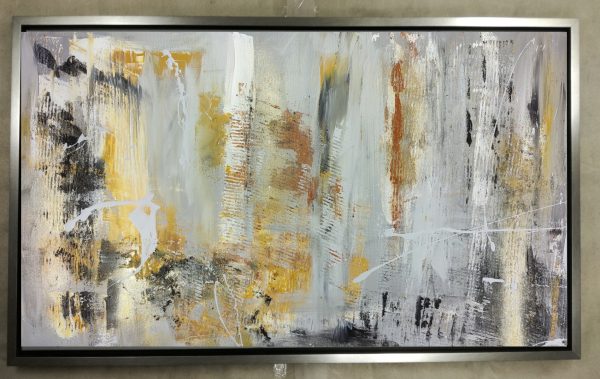 dipinto a mano per soggiorno 120x60 con cornice tinta argento - immagine 4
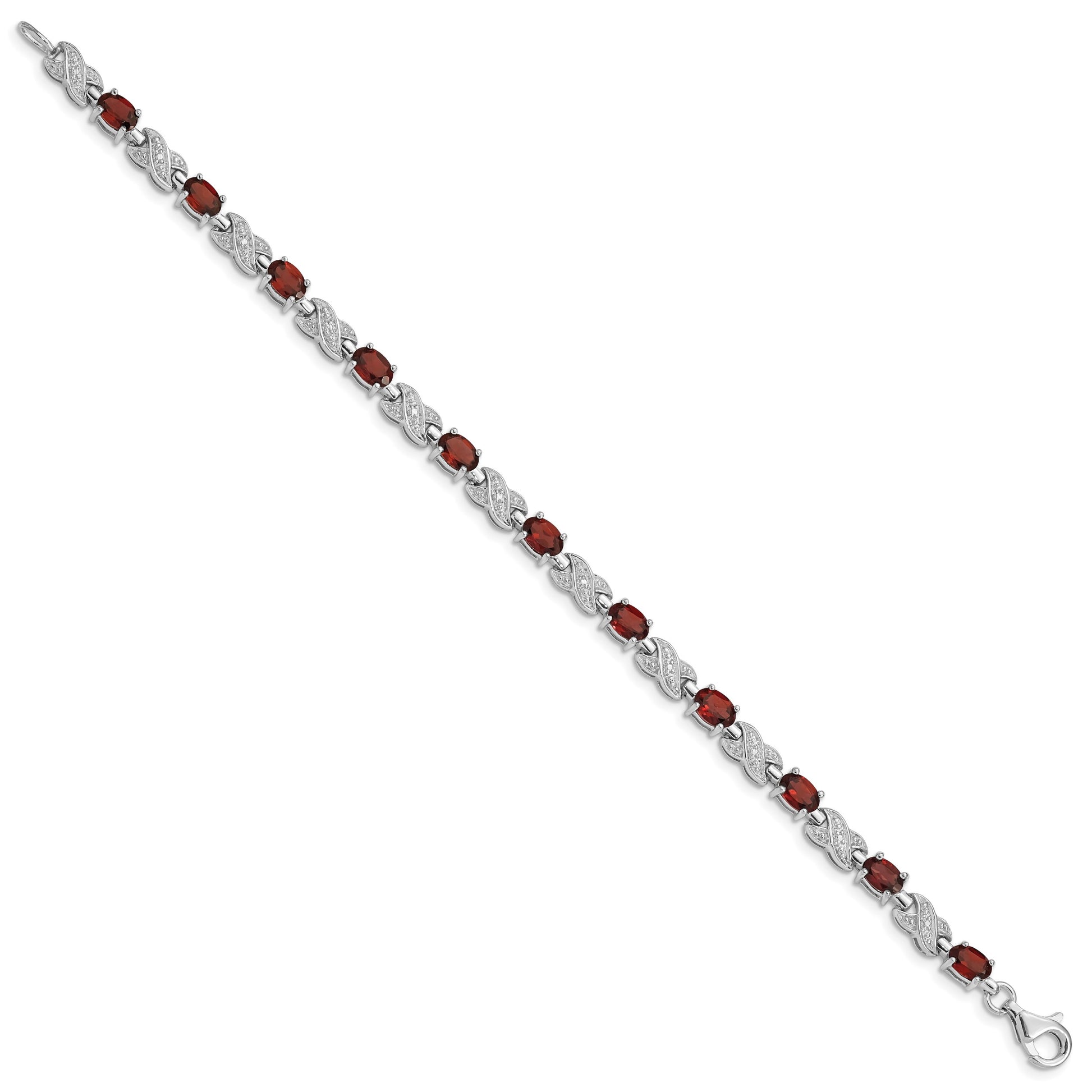Sterling Silver Rhodium-plated Garnet Bracelet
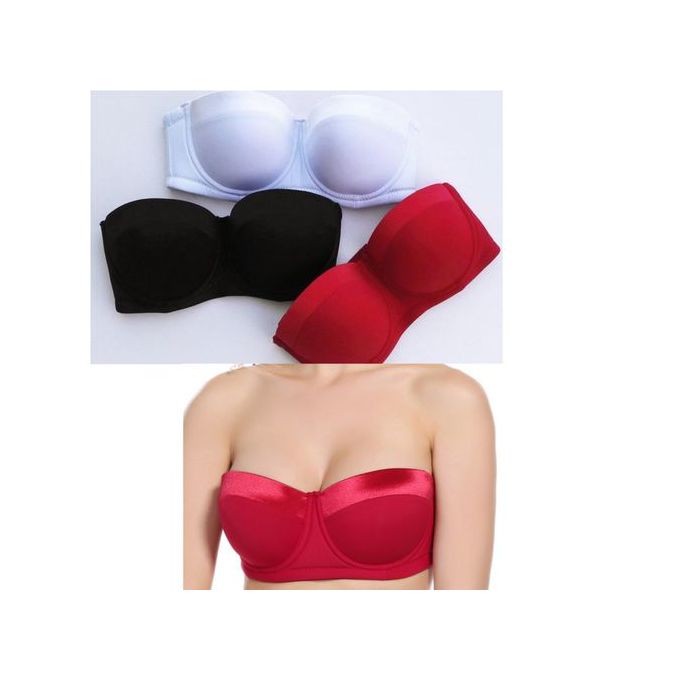 Binnys 3pcs Breathtaking Beautiful 2 In 1 Strappless Bridal Bras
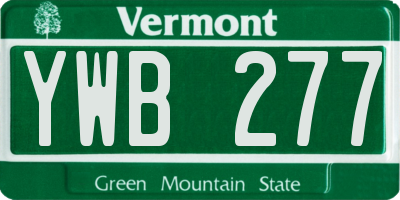 VT license plate YWB277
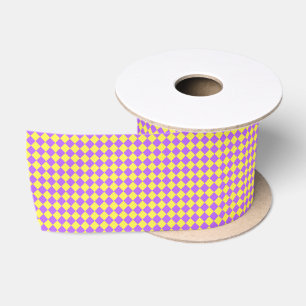 Yellow Purple Diamond Chequered Pattern Satin Ribbon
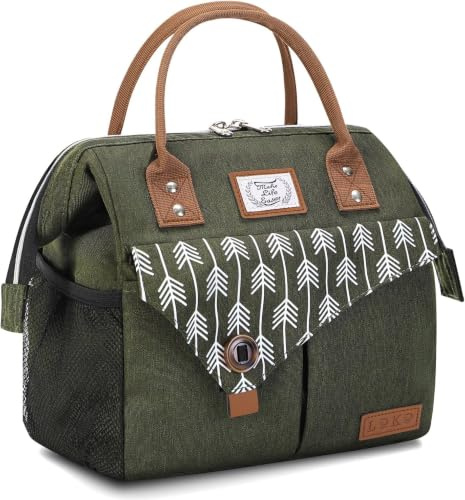 Lekesky Borsa Termica Porta Pranzo Donna 11L, Borse Termiche Morbida Isolata, Borsa Pranzo Multifunzionale Portatile, Impermeabile Borsa Frigo Pranzo per Ufficio Viaggio Picnic Lavoro Studenti, Verde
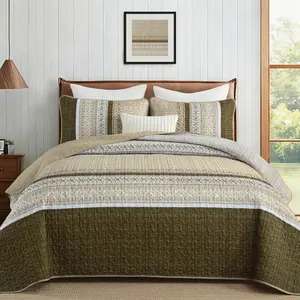 Brown Quilt Set, Soft Striped Texture Queen Bedspread 3 Pieces, Lightweight Microfiber Boho Coverlet Bedding Set for Men Women 96"x90"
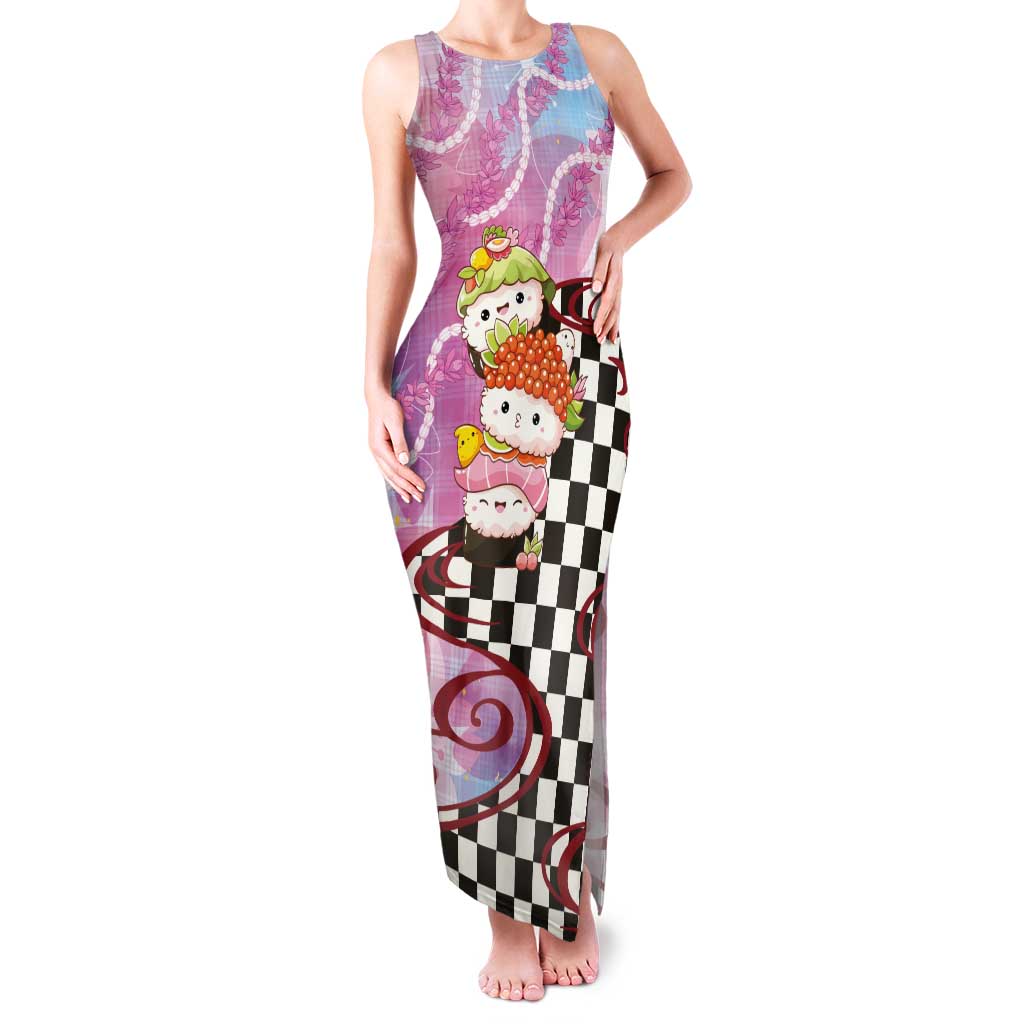 Personalized Japanese Kawaii Sushi Roll Tank Maxi Dress Wagara Palaka Pattern LT9 Women Pink - Polynesian Pride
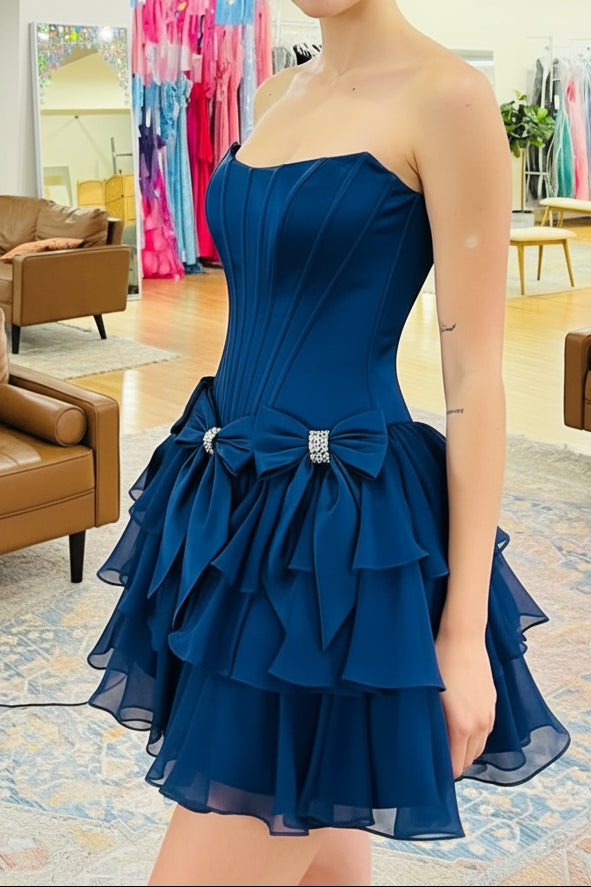 Strapless Corset Tiered Ruffle Mini Dress with Bows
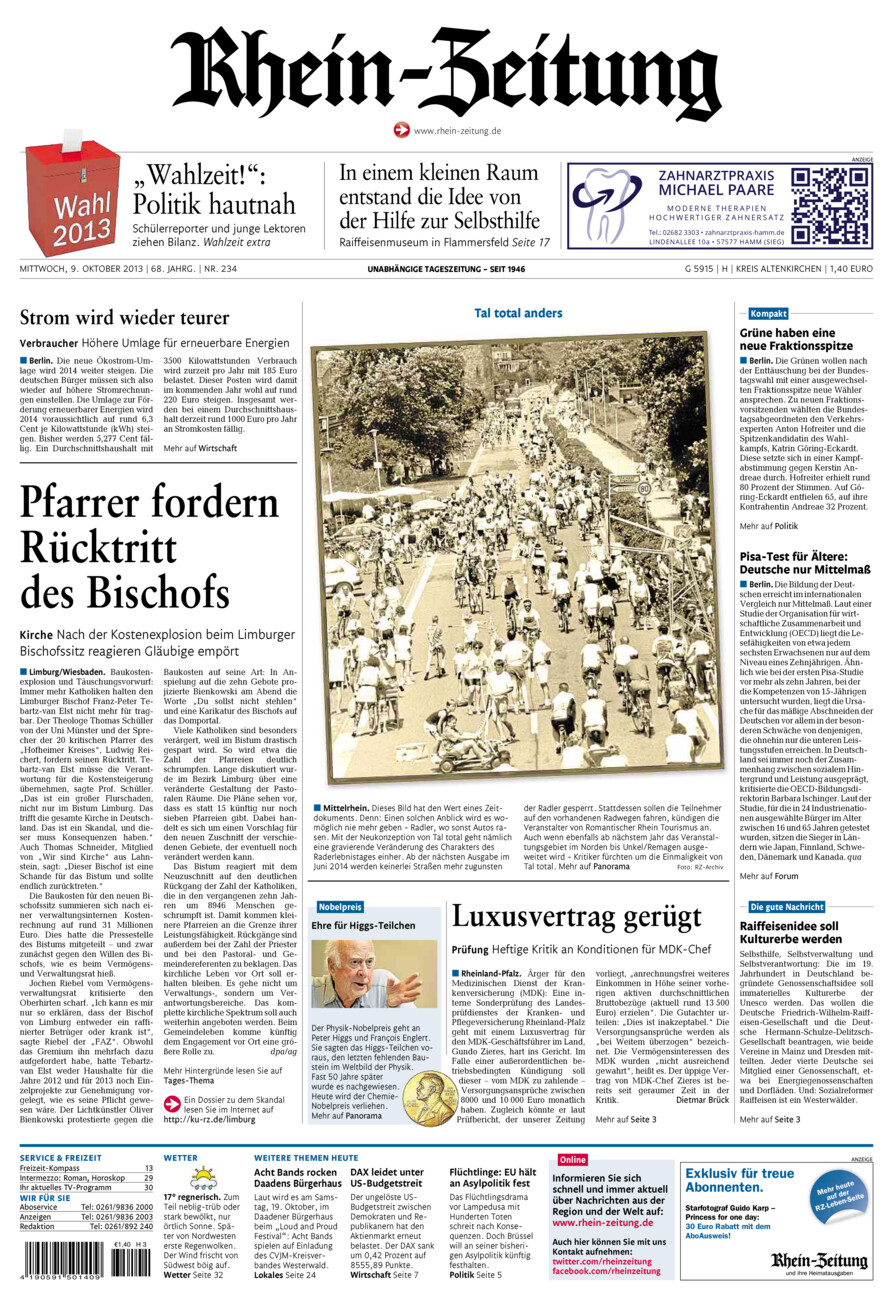 Rhein-Zeitung Kreis Altenkirchen vom Mittwoch, 09.10.2013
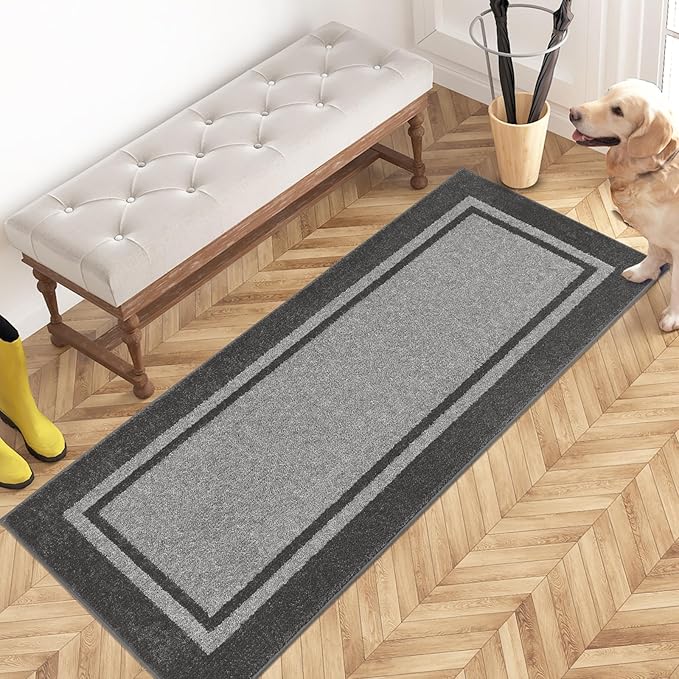 PURRUGS Dirt Trapping Door Mat 24" x 60", Non-Slip/Skid Machine Washable Entryway Rug, Shoes Scraper, Area Rug, Super Absorbent Welcome Mat for Muddy Wet Shoes and Paws, Light Grey & Dark Grey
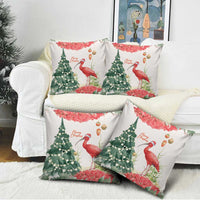 Trinidad And Tobago Christmas Pillow Cover Scarlet Ibis Wild Poinsettia Watercolor - Wonder Print Shop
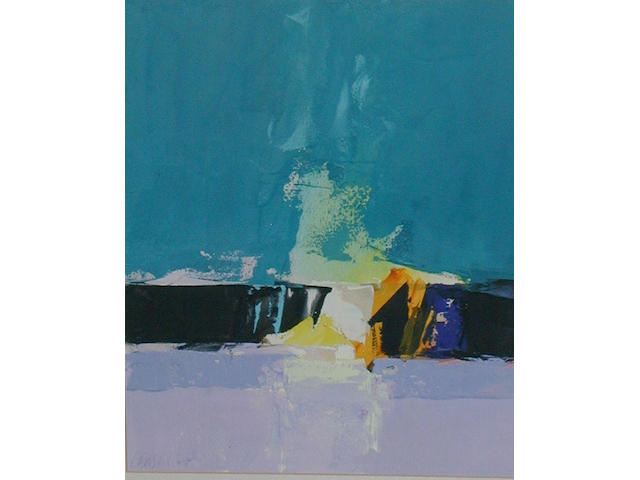 Donald Hamilton Fraser R.A. (b. 1929) "Sea Wall", abstract, 26 x 22cm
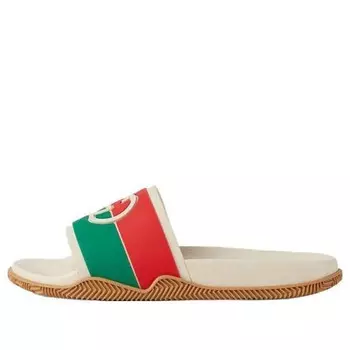Тапочки slide 'interlocking g - white red green' Gucci, белый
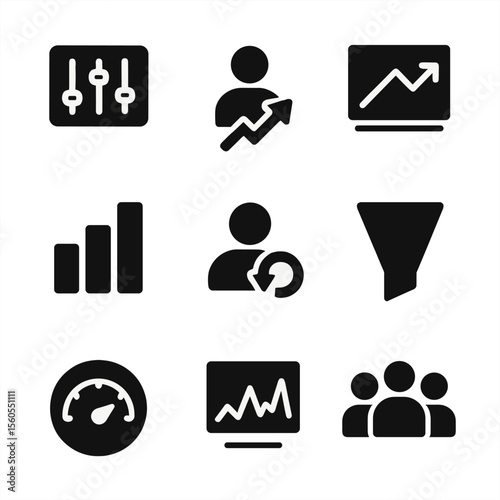 Startup Goals Icons. Solid, filled icon set of startup goals and metrics: KPI dashboard, user growth arrow, revenue chart,
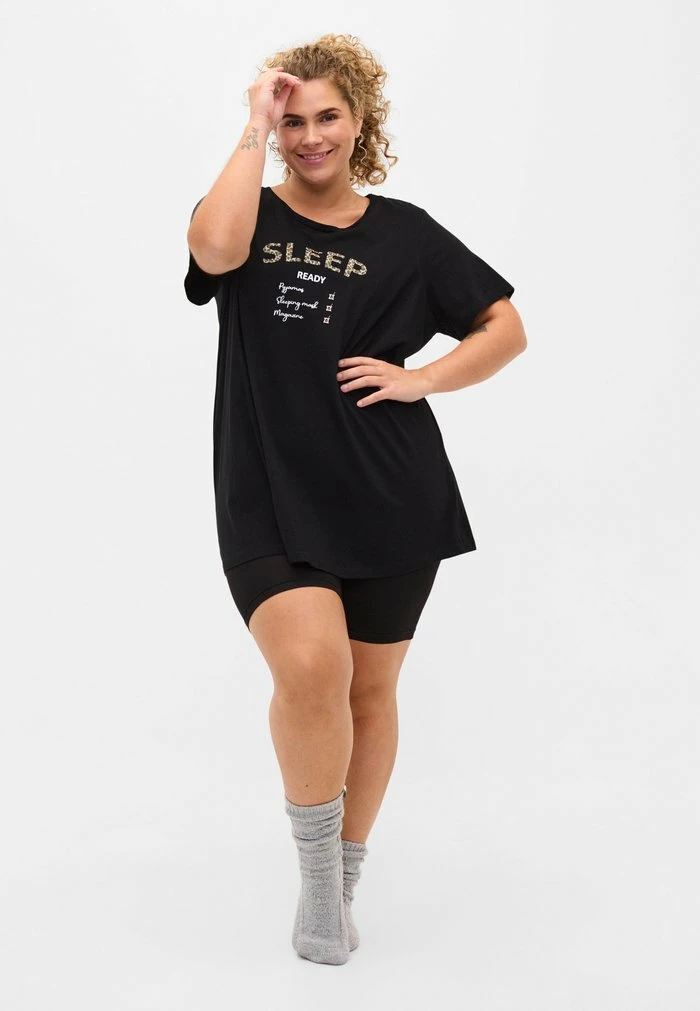 Zizzi OVERSIZE AUS - Haut De Pyjama - Black Sleep 2 Zizzi OVERSIZE AUS - Haut De Pyjama - Black Sleep – Image 2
-*-*-
# [EXERCISE DETAILS]
Write out each line of the listing above, exactly, from its first line to the line holding "Lekesky Borsa Termica", inclusive. Skip the pictures.

# [RESULT OF THE TASK]
 dipinto a mano per soggiorno 120x60 con cornice tinta argento - immagine 4
Sterling Silver Rhodium-plated Garnet Bracelet
 Binnys 3pcs Breathtaking Beautiful 2 In 1 Strappless Bridal Bras
 VT license plate YWB277
 Yellow Purple Diamond Chequered Pattern Satin Ribbon
 Lekesky Borsa Termica Porta Pranzo Donna 11L, Borse Termiche Morbida Isolata, Borsa Pranzo Multifunzionale Portatile, Impermeabile Borsa Frigo Pranzo per Ufficio Viaggio Picnic Lavoro Studenti, Verde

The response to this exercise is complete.